Ask HN: What does it mean to be passionate about an idea? - soham

(In context of a starting to work on an startup idea)
How do you know if you are "really" passionate about doing something? Is it possible to grow passion for anything? Was every successful entrepreneur passionate about what they did? Is passion overrated? Are we mixing passion with interest and/or  abilities?
======
reason
I've adopted the belief that very, very few people in the startup world were
born with a passion, or at least developed one at a very young age. Even those
who claimed to have developed such strong interests from a young age that
later influenced their success, I find hard to believe. It's easy to
romanticize the past and connect the dots in hindsight.

Here's what I think: You can develop passions when you realize that the
problem you're onto is a meaningful one. I think when you truly believe that
the solution you're trying to provide genuinely helps people, you grow a
passion not for the specific domain your startup is working in, but rather for
the idea of solving a big problem. Growing a deep interest in how a particular
domain works is secondary and required in your pursuit to solve a problem.
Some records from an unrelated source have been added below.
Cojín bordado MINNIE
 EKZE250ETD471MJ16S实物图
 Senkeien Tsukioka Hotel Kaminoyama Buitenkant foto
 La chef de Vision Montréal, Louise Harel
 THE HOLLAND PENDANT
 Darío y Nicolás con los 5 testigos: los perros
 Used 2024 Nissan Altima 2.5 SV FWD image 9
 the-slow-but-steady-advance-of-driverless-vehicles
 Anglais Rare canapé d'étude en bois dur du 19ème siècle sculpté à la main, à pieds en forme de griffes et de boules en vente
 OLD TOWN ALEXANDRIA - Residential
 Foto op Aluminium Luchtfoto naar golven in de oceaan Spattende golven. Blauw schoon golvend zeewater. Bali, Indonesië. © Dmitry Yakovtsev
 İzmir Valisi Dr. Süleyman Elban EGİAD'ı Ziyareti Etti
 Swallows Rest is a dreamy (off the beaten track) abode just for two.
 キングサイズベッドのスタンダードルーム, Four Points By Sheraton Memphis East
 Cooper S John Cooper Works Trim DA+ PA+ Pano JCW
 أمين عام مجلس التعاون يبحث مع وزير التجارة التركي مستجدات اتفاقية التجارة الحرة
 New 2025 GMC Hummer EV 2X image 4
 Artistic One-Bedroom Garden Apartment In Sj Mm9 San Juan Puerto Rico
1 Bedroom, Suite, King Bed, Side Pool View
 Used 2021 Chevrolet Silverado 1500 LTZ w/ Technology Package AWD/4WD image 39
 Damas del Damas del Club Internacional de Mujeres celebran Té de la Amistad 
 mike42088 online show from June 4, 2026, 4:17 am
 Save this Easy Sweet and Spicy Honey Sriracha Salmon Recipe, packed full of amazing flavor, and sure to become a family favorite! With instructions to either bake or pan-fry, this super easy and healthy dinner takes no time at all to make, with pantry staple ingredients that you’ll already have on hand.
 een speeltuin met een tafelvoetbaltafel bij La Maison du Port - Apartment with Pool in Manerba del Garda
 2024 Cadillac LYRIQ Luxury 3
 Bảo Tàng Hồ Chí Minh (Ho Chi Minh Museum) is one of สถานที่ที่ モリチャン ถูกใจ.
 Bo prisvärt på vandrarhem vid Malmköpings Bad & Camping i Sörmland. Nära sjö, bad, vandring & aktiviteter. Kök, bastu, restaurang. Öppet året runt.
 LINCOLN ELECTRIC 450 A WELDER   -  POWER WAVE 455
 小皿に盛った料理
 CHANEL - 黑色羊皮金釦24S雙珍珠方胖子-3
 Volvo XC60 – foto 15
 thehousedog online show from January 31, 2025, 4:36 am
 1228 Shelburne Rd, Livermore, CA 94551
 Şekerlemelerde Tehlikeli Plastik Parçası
I don't think anyone at Stripe has a genuine passion for the technicalities of
online money transactions, but I do believe that they know they're addressing
a huge pain-point that many, many people have been forced to deal with. They
know their solution will be meaningful, and so they'll try to dig as deep as
they can into that specific domain so that their product is better tailored
for their given problem. I could be wrong. I think pg's recent essay on Schlep
Blindness touches on this as well. If you develop a passion for solving
problems, you might open your eyes to many, many more opportunities, versus if
you directed your attention on finding that one domain that really sets your
candle aflame.

But, I do struggle with that question on an almost daily basis. While what I
stated should provide encouragement in that passions and deep interests can be
developed, I can't say I'm not jealous of others I see who have seemed to
genuinely take a liking to a specific subject, so much so that, startup or
not, they'll chase their dream and be happy doing it.

------
6ren
Someone said that passion is "love and anger together". Passion originally
meant _to suffer_. It seems that passion (motivation) causes action, but it
happens the other way too. You act, making some progress, and _then_ you feel
motivated. Any worthwhile accomplishment involves suffering and sacrifice.
Maybe passion isn't the only way. Maybe even _deciding_ to suffer doesn't
matter, provided you do it.

Every moment we do not spend ourselves in a worthy cause is simply a moment
not spent in a worthy clause. Each moment we are given, we get for free. It is
up to us how we spend it. Throughout our lives, no matter how we spend it, we
are given another in the very next instant.

Some startups weren't based on a specific idea. e.g. Woz and Jobs first had a
go at blue boxes. HP and Sony began trying a few different products. The
motivation was more like: to make something cool, make a business work. If you
like, the "idea" had a wider scope than a specific product. I think it's fair
to say they were passionate - as in crazy motivated - about that. e.g. Woz
loved making cool electronic stuff; Jobs loved making a business out of that.
It's not a specific idea; though I suppose you could say they were passionate
about each specific idea in a general class.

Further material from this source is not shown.